The order read, "You are also ordered not to post any further information about [Chelsea Van Valkenburg] or her personal life or online to [unclear] hate mobs."

What does any personal information about Valkenburg mean? By the terms of the order, it would seem to prohibit constitutionally protected speech. After all, Gjoni has the right to talk about the alleged abuse he suffered at Valkenburg's hands.

Eron Gjoni has the right to speak out about the abuse he allegedly suffered at Chelsea Van Valkenburg's hands.

Eugene Volokh is one of the country's leading experts on the First Amendment. In his article Free Speech and Criminal Harassment Laws (here) he covers the use and abuse of protective orders as they relate to free speech.

Volokh's article distinguishes between speech to one person and speech to many people. Think of it this way.

You may obtain a protective order preventing me from harassing you or talking to you. That is one-to-one speech. You may not, however, prevent me from talking about you to other people (one-to-many) speech.

Volokh writes (emphasis added):

Restrictions on public speech about a person, then, stand on very different First Amendment footing from restrictions on unwanted speech to the person. Such restrictions on speech about a person can be constitutional when limited to speech that falls within the recognized First Amendment exceptions, such as threats, libel, and intentional incitement to likely and imminent criminal attack. But when one-to-many speech about people falls outside these exceptions, it should be constitutionally protected.

As I mentioned above, I don’t want to claim that one-to-many speech is less harmful than one-to-one speech. Indeed, many people might be much more upset about insulting things said publicly about them—to listeners who might be influenced by such criticism—than about insulting things said directly to them.

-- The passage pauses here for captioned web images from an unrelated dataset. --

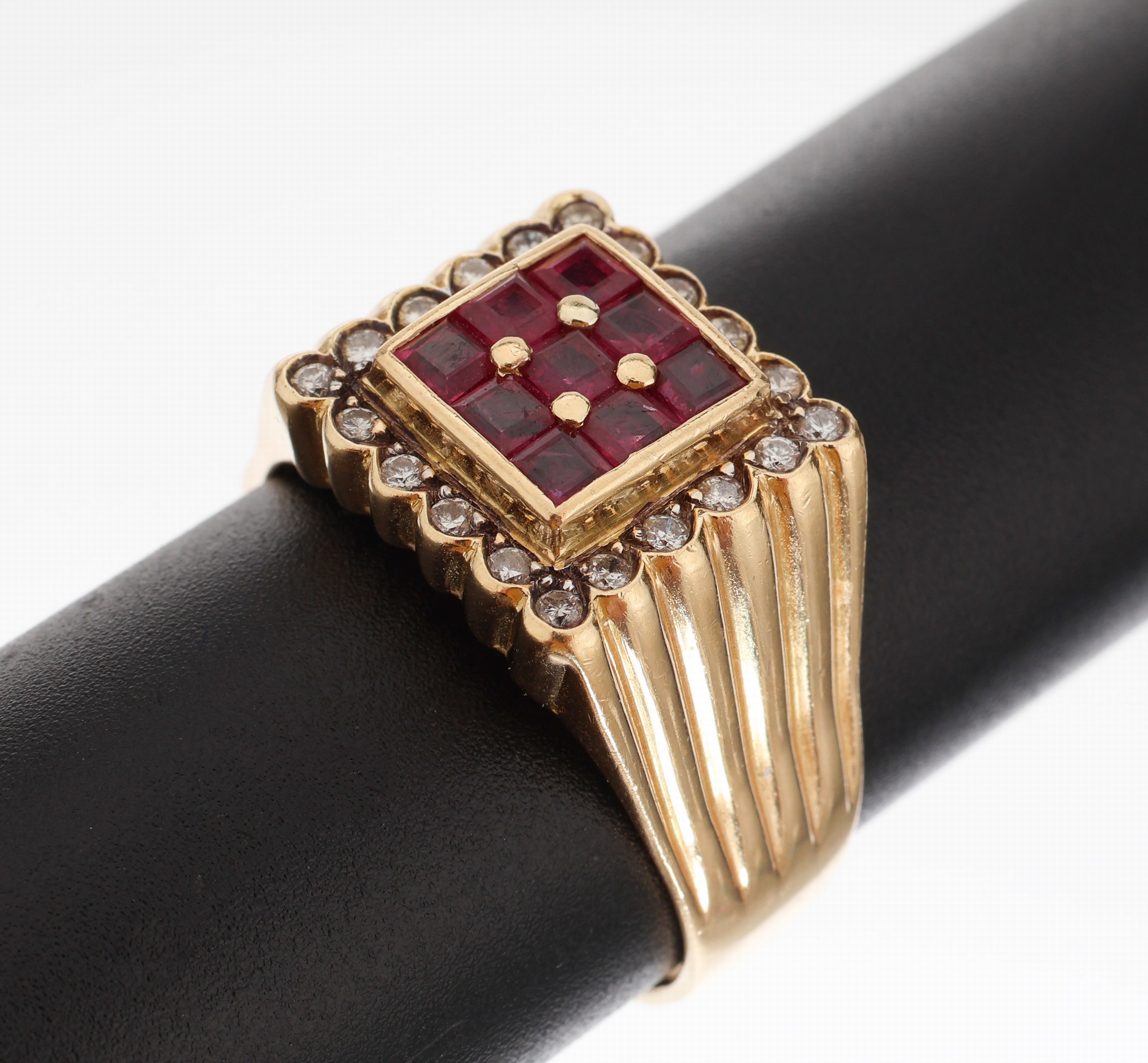 18 kt Gold Rubin Brillant Herrenring, GG 750/000, 9 facett. Rubincarrees zus. ca. 0.45 ct, umgeben von 20 Brillanten zus. ca. 0.20 ct Weiss/si-p 1, ...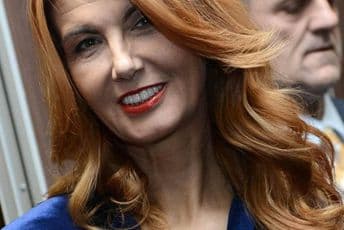 Vesna Dedić iznenadila priznanjem: On mi je bio najdosadniji gost , tu emisiju nikada nisam emitovala! Vesna Dedić iznenadila priznanjem: On mi je bio najdosadniji gost , tu emisiju nikada nisam emitovala!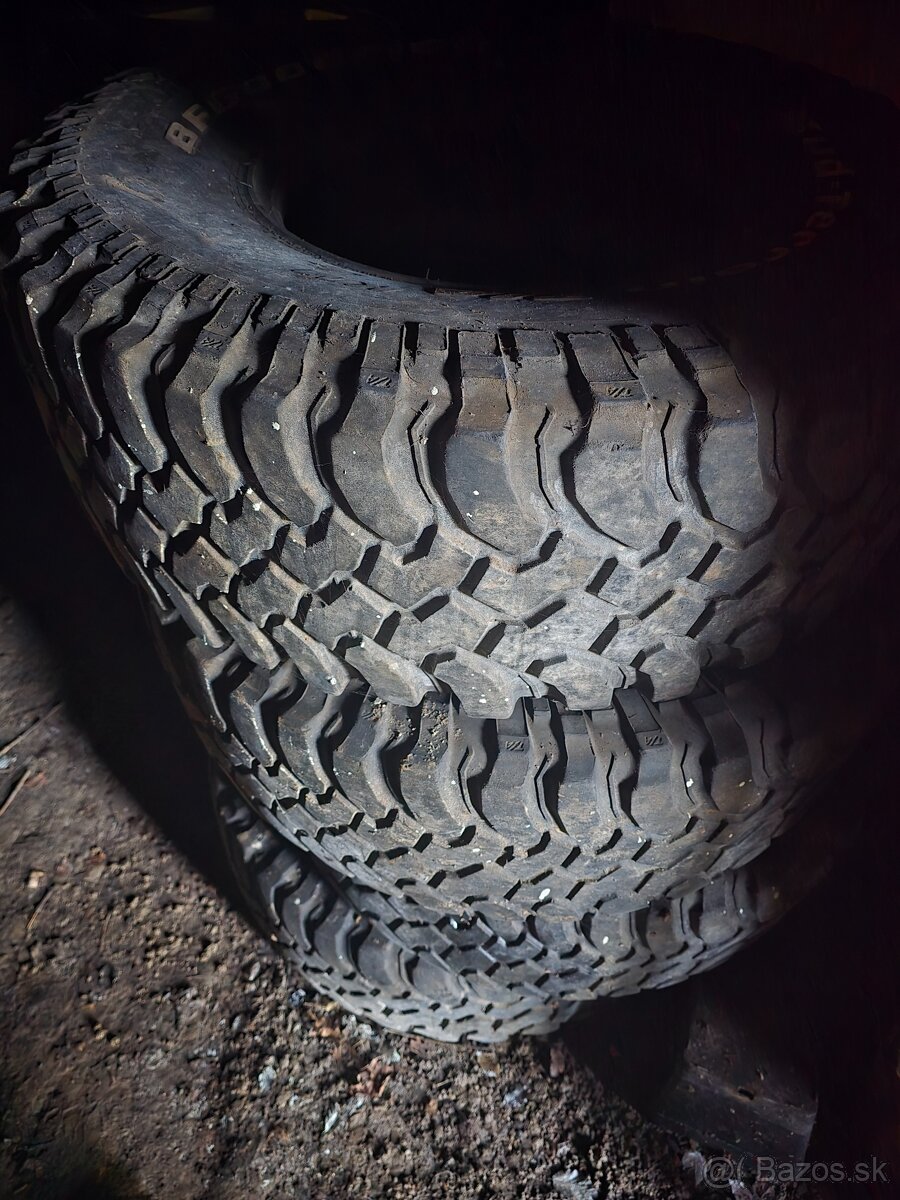 Pneu 33x12.5 R15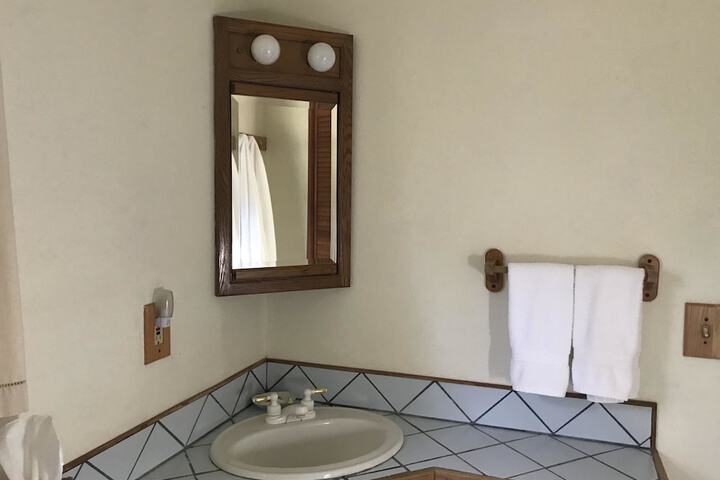 Room 18 of 74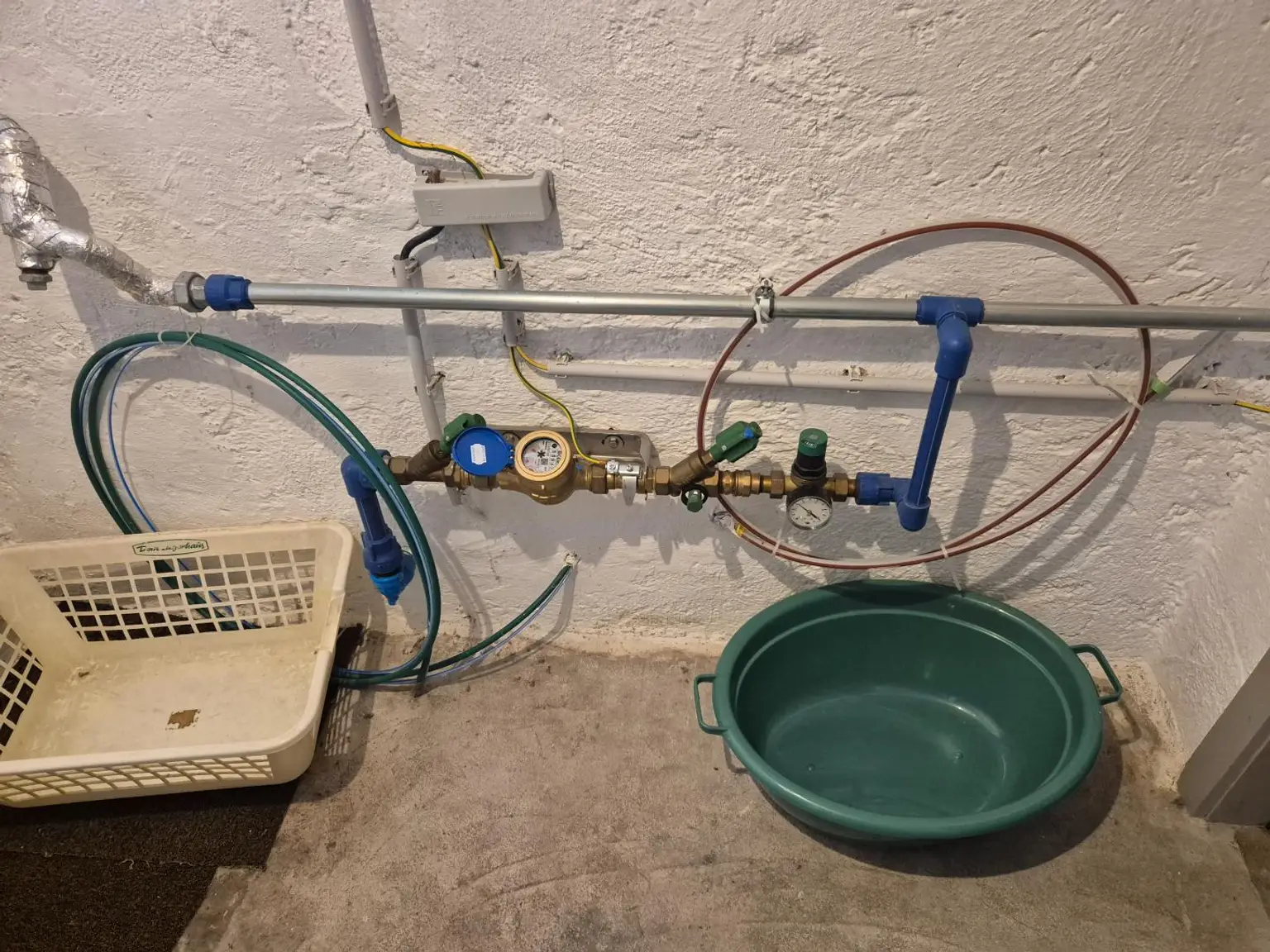 Renovierungsbedürftiges Mittelreihenhaus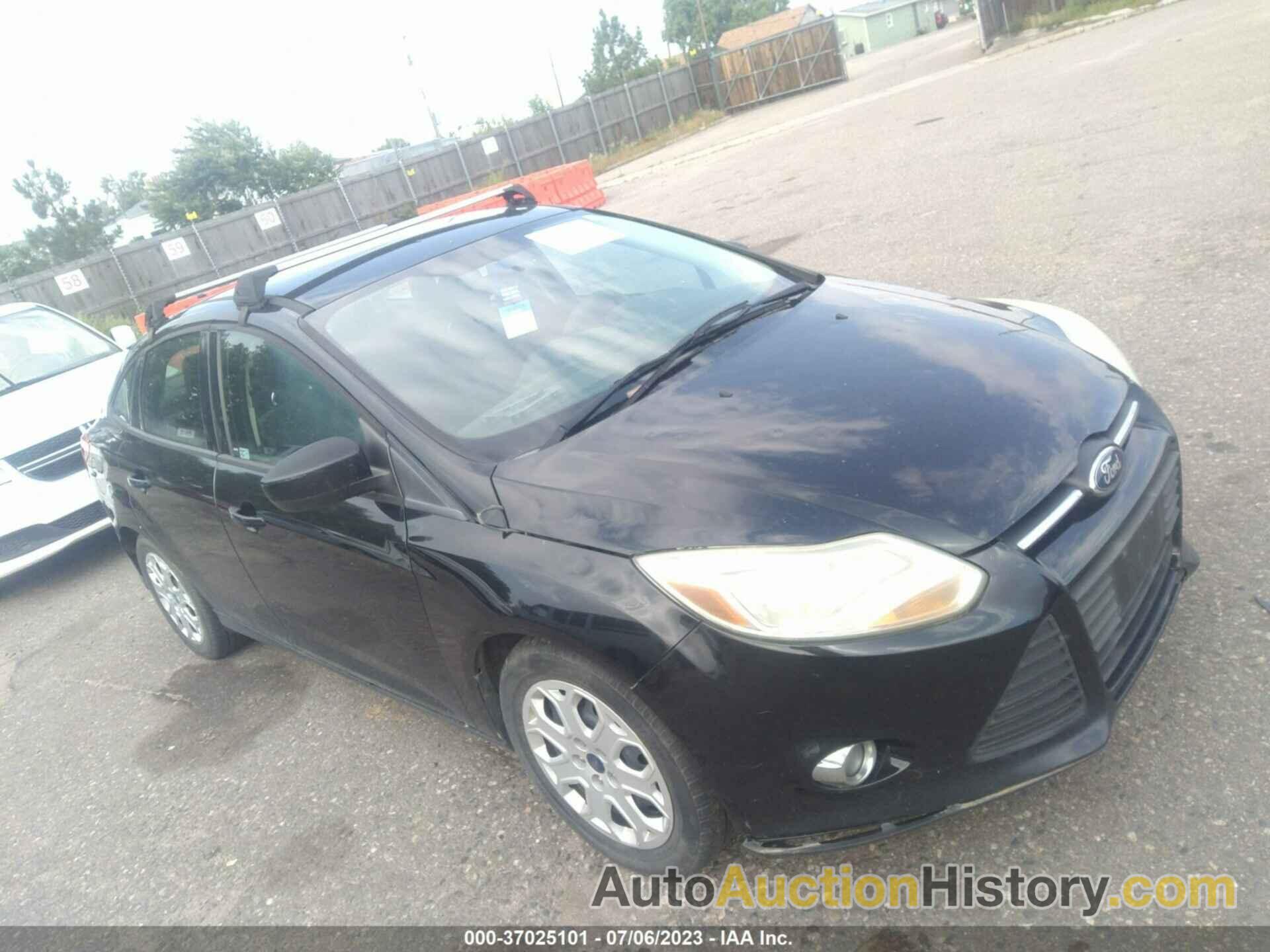 FORD FOCUS SE, 1FAHP3F25CL338575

Nonetheless, for reasons discussed in Part I, one-to-many speech has full First Amendment value because it involves the expression of facts and opinions aimed at informing and persuading potentially willing listeners. It should therefore generally be constitutionally protected, notwithstanding the offense and distress it causes to its subjects. And this is certainly where current First Amendment doctrine points.

Eron Gjoni's First Amendment rights are being violated.

Gjoni has the right to discuss the abuse he allegedly suffered at Zoe Quinn's hands. The 209a order is unconstitutionally overbroad and vague under the First Amendment. It's overbroad because it could not possibly cover anything and everything that Gjoni might want to talk about. It's vague because it doesn't put a reasonable person on notice as to what speech is prohibited.

On a moral level, Chelsea Van Valkenburg's conduct is despicable. She is abusing the court system to prevent legitimate criticism of her.

Valkenburg's position on doxxing.

Indeed, in her affidavit for the 209a order, Chelsea Van Valkenburg complained about "doxxing" - the practice of posting a person's information online to harass others. Yet Valkenburg herself "doxxed" me.

Valkenburg and a co-hort have posted pictures of my home as well as my address on a website. According to Valkenburg, doxxing is done when a person wants  third partiess to torment, harass, or harm another.

By Valkenburg's logic, my life is in grave danger.

According to Valkenburg and her supporters (including many in the mainstream media such as Rebecca Vipond Brink), posting my personal information only and disseminating it out to a hate mob is OK, because I am an evil person who said some of the types of things people who write for Gawker say.

Not only does Valkenburg abuse the court system, she also is attempting to incite others to stalk and harass me.

Unlike Valkenburg, I will not be seeking a court order.

Instead, I will continue to exercise my First Amendment rights by talking about her case.

I have only just begun exposing Chelsea Van Valkenburg a/k/a Zoe Quin and her lies.